• [Provided records]:
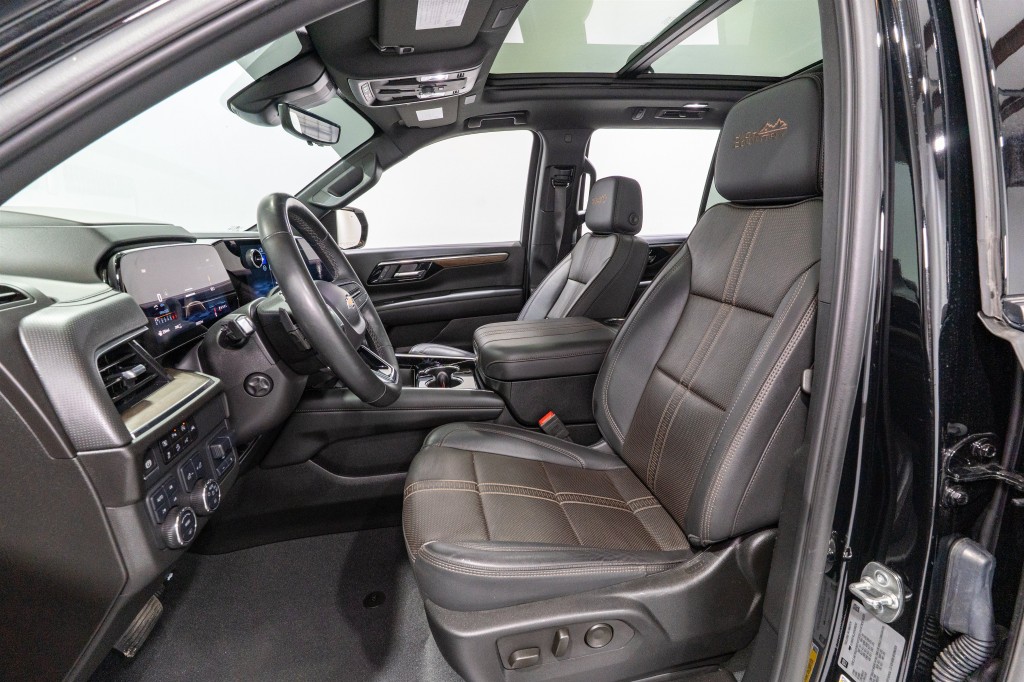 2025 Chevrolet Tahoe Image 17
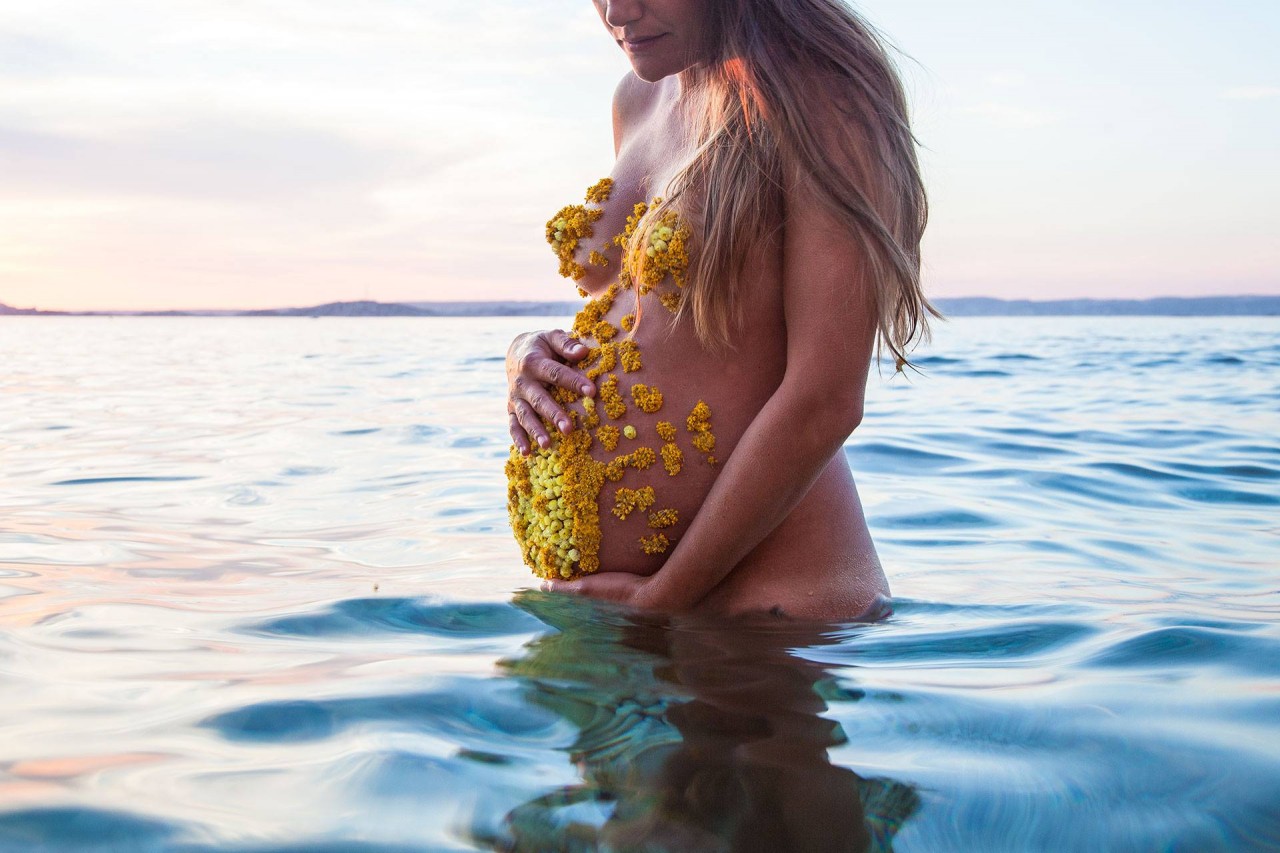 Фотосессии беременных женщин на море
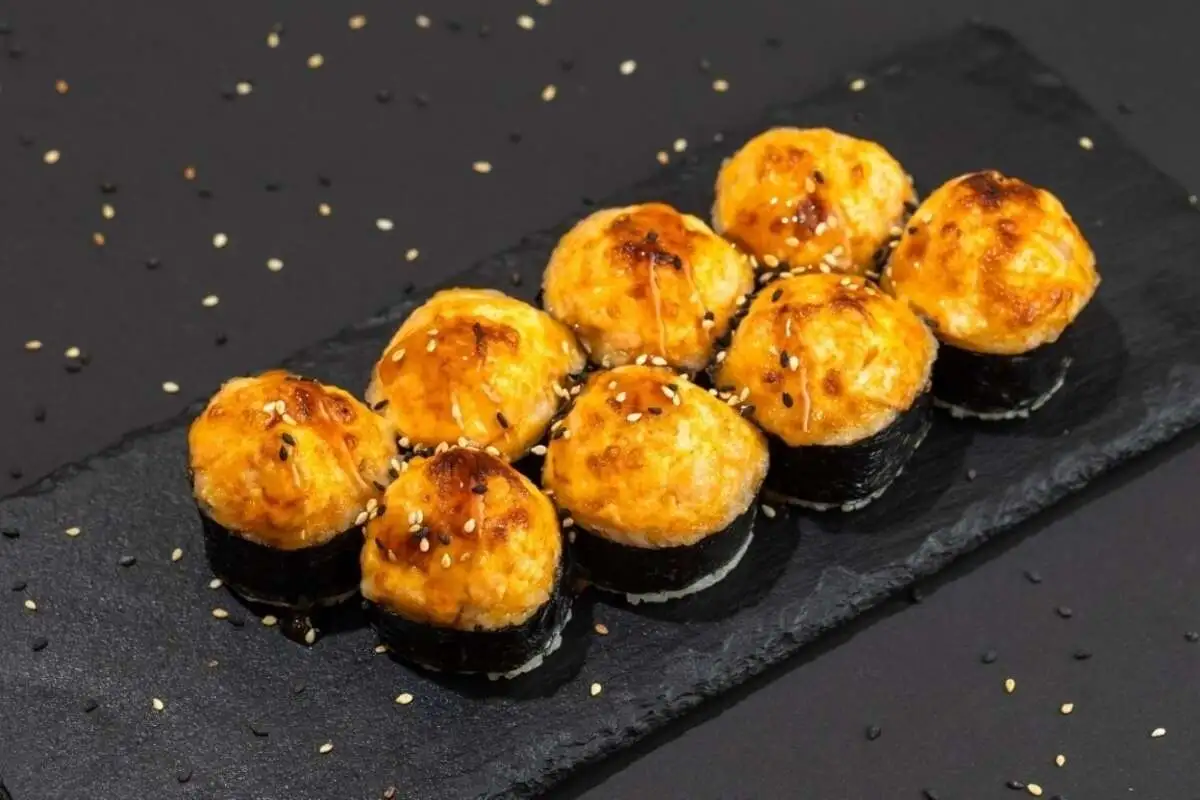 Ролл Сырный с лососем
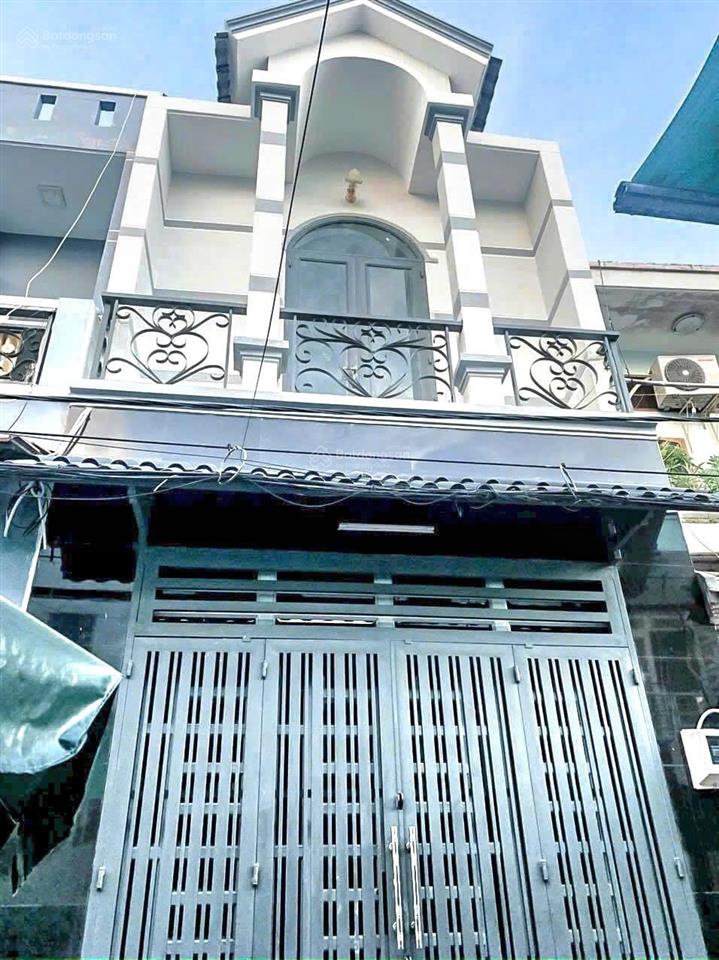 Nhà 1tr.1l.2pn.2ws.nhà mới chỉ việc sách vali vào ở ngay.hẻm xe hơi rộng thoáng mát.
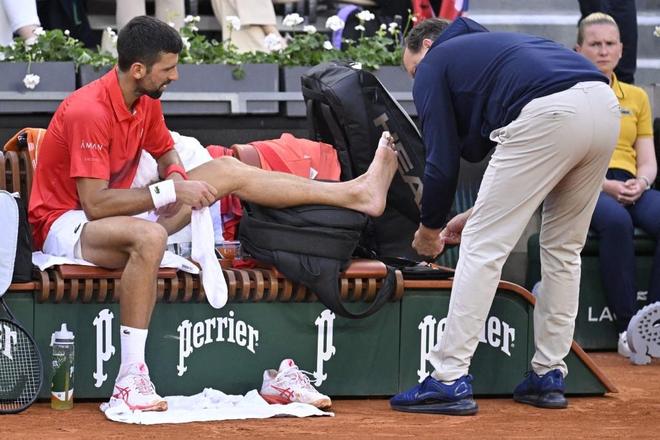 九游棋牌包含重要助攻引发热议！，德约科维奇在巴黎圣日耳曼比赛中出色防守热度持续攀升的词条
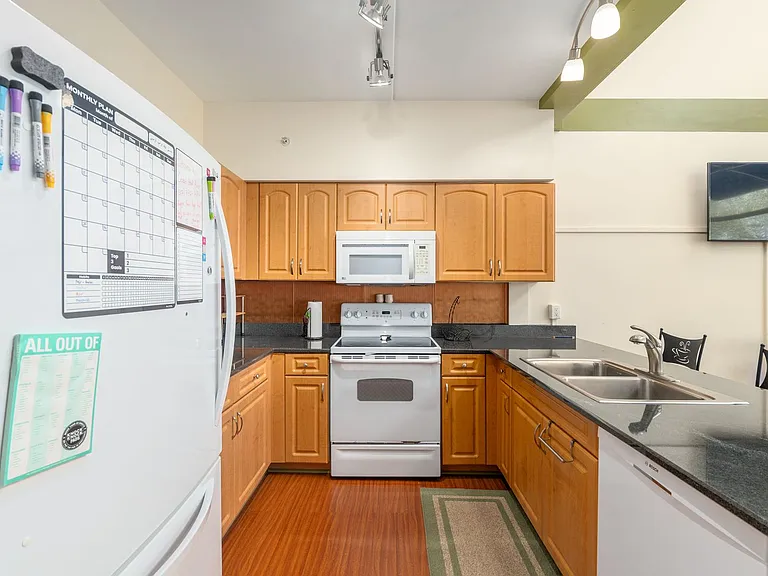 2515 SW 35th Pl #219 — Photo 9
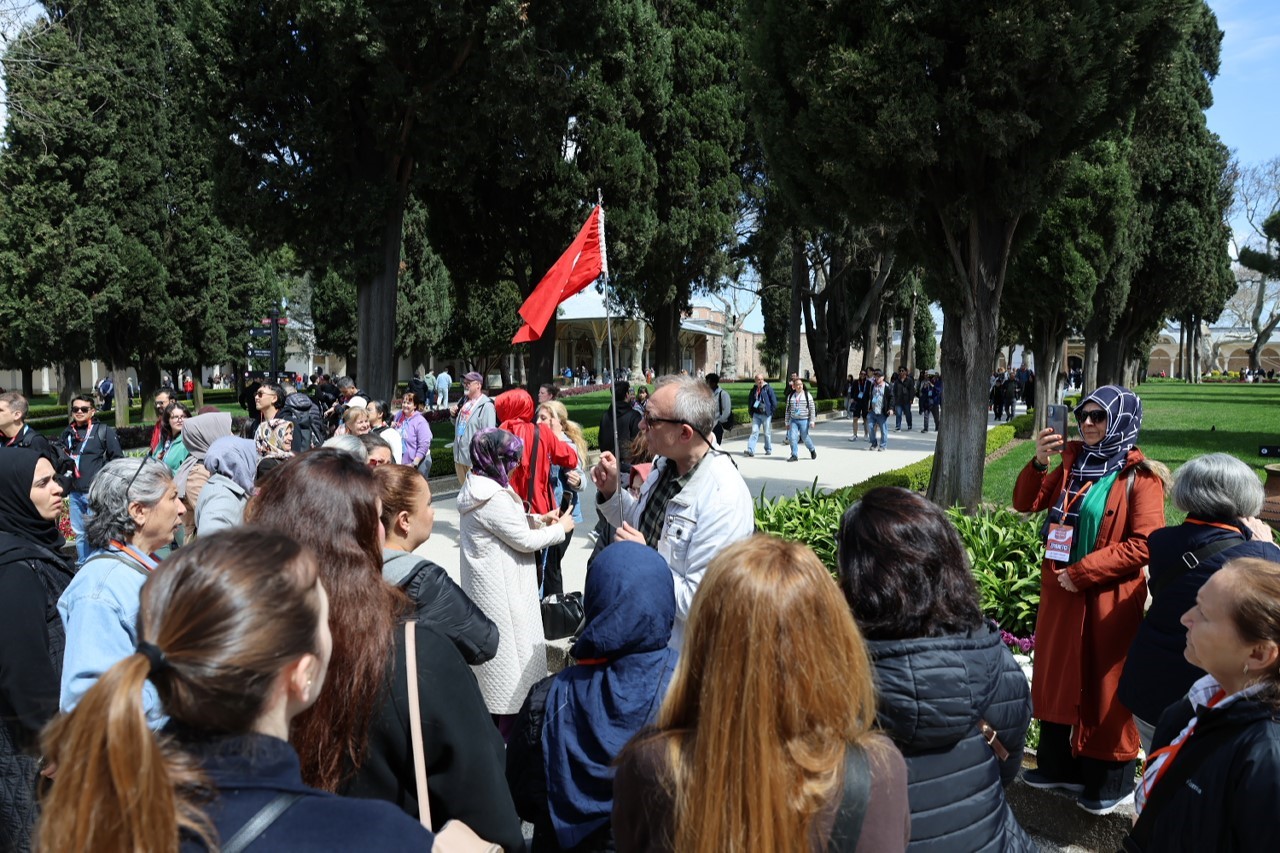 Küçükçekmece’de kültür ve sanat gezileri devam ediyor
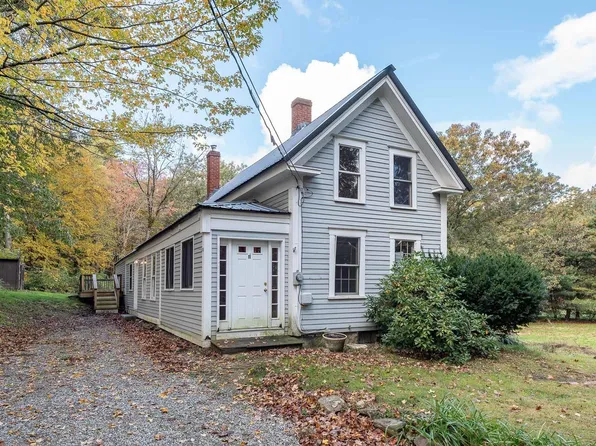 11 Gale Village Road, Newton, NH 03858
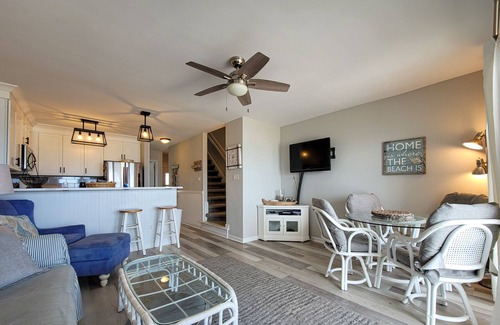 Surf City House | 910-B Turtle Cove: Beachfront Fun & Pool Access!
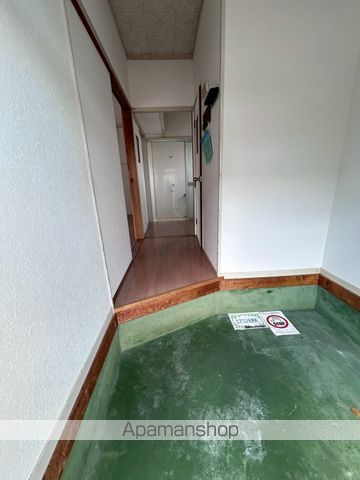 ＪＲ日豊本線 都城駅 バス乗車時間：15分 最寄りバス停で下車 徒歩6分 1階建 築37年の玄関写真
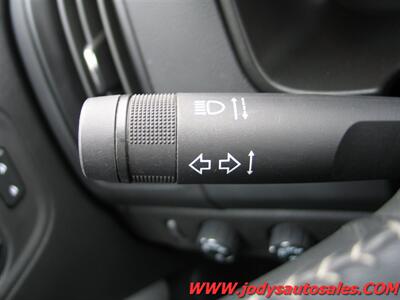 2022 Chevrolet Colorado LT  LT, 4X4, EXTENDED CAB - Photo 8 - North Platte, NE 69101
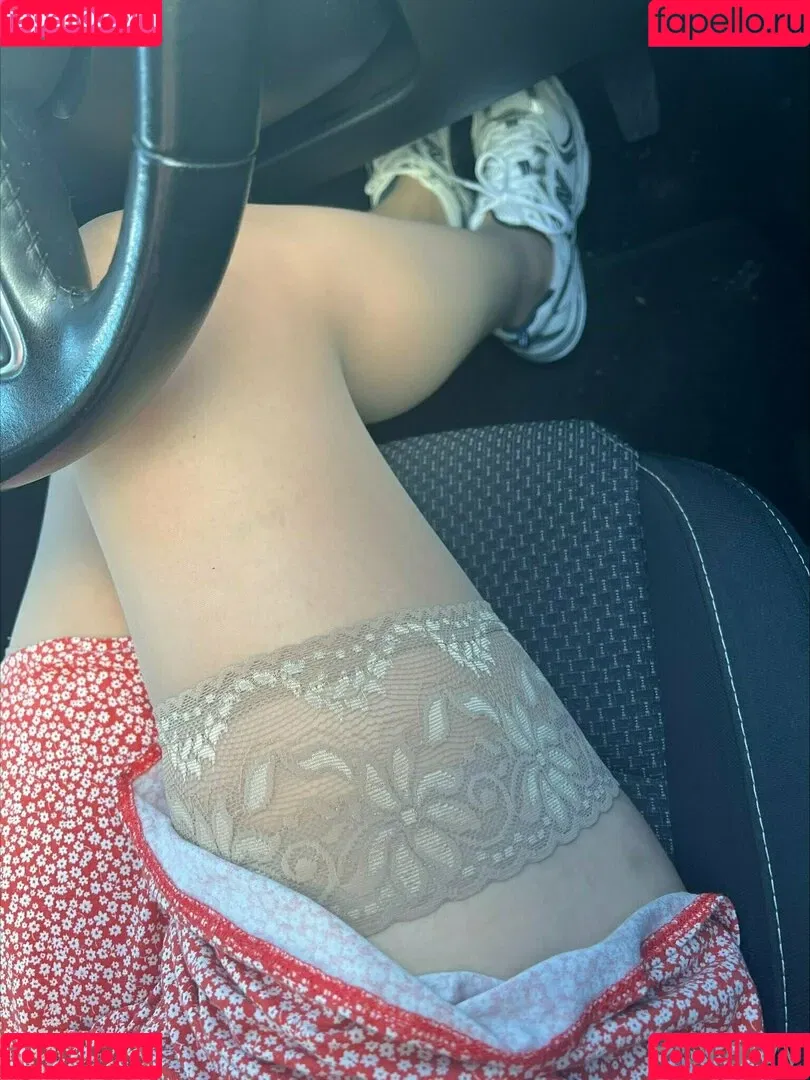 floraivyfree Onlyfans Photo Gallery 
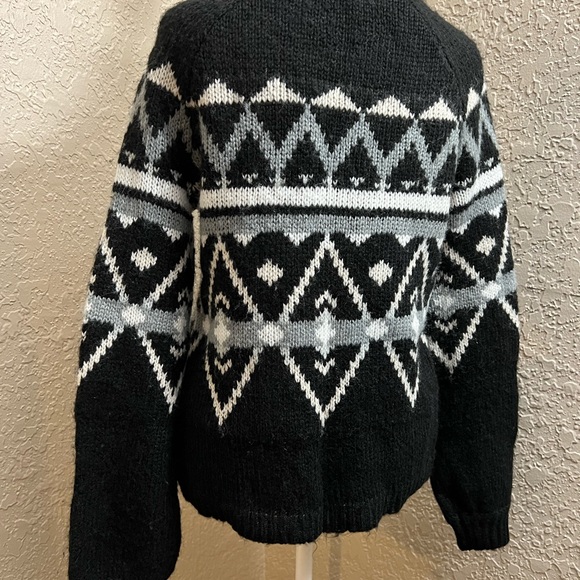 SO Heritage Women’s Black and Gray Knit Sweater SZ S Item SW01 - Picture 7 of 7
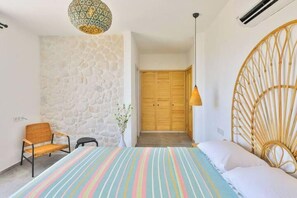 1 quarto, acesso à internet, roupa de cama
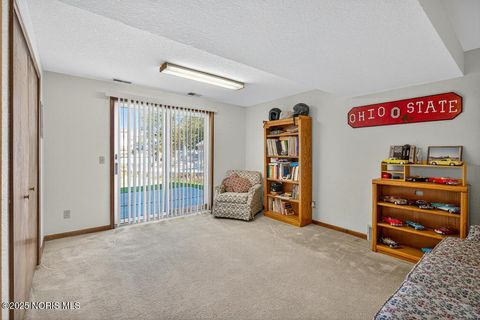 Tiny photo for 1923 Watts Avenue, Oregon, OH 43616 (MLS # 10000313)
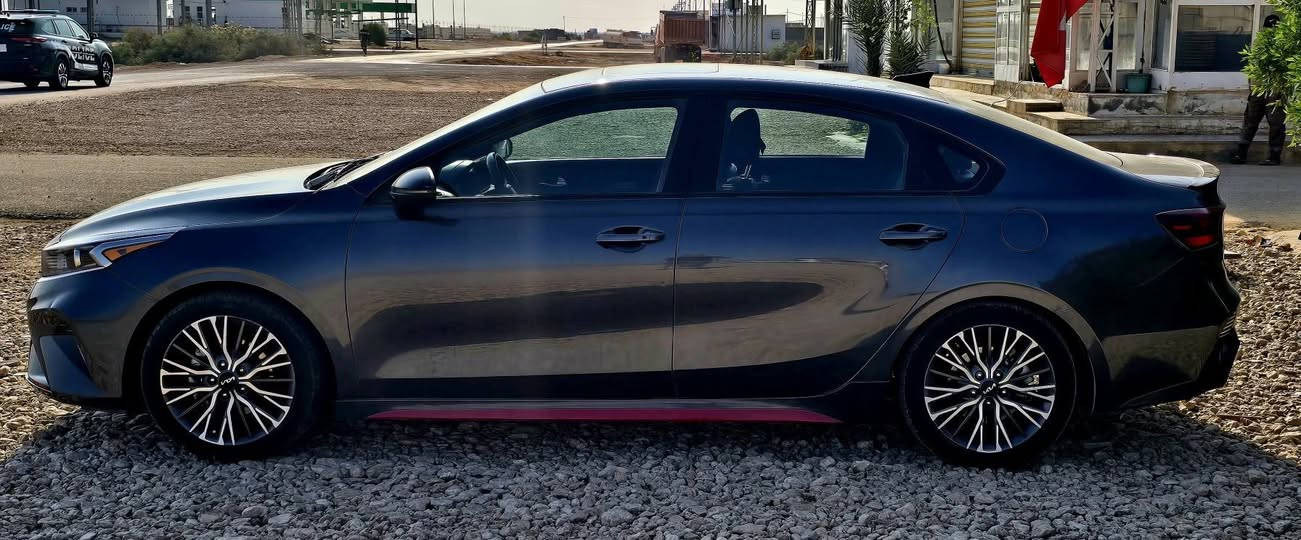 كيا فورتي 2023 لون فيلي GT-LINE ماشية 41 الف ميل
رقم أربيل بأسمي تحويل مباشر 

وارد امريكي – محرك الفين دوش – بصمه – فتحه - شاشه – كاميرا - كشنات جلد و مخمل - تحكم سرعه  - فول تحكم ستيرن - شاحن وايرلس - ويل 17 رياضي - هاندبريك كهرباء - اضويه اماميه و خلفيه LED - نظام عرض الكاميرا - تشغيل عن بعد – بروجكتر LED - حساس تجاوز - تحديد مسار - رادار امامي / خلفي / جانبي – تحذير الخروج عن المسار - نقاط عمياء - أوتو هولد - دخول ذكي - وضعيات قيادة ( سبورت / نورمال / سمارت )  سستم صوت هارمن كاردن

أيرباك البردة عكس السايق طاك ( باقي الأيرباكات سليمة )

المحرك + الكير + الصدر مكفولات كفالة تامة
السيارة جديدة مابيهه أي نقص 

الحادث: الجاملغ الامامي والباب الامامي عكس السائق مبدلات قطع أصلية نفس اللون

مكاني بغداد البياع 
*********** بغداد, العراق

• [Problem to solve]:
Please retype exactly the lines from the one containing "SO Heritage Women’s" to the last line of the records above, both included, without any pictures.

• [Response below]:
 SO Heritage Women’s Black and Gray Knit Sweater SZ S Item SW01 - Picture 7 of 7
 1 quarto, acesso à internet, roupa de cama
 Tiny photo for 1923 Watts Avenue, Oregon, OH 43616 (MLS # 10000313)
 كيا فورتي 2023 لون فيلي GT-LINE ماشية 41 الف ميل
رقم أربيل بأسمي تحويل مباشر 

وارد امريكي – محرك الفين دوش – بصمه – فتحه - شاشه – كاميرا - كشنات جلد و مخمل - تحكم سرعه  - فول تحكم ستيرن - شاحن وايرلس - ويل 17 رياضي - هاندبريك كهرباء - اضويه اماميه و خلفيه LED - نظام عرض الكاميرا - تشغيل عن بعد – بروجكتر LED - حساس تجاوز - تحديد مسار - رادار امامي / خلفي / جانبي – تحذير الخروج عن المسار - نقاط عمياء - أوتو هولد - دخول ذكي - وضعيات قيادة ( سبورت / نورمال / سمارت )  سستم صوت هارمن كاردن

أيرباك البردة عكس السايق طاك ( باقي الأيرباكات سليمة )

المحرك + الكير + الصدر مكفولات كفالة تامة
السيارة جديدة مابيهه أي نقص 

الحادث: الجاملغ الامامي والباب الامامي عكس السائق مبدلات قطع أصلية نفس اللون

مكاني بغداد البياع 
*********** بغداد, العراق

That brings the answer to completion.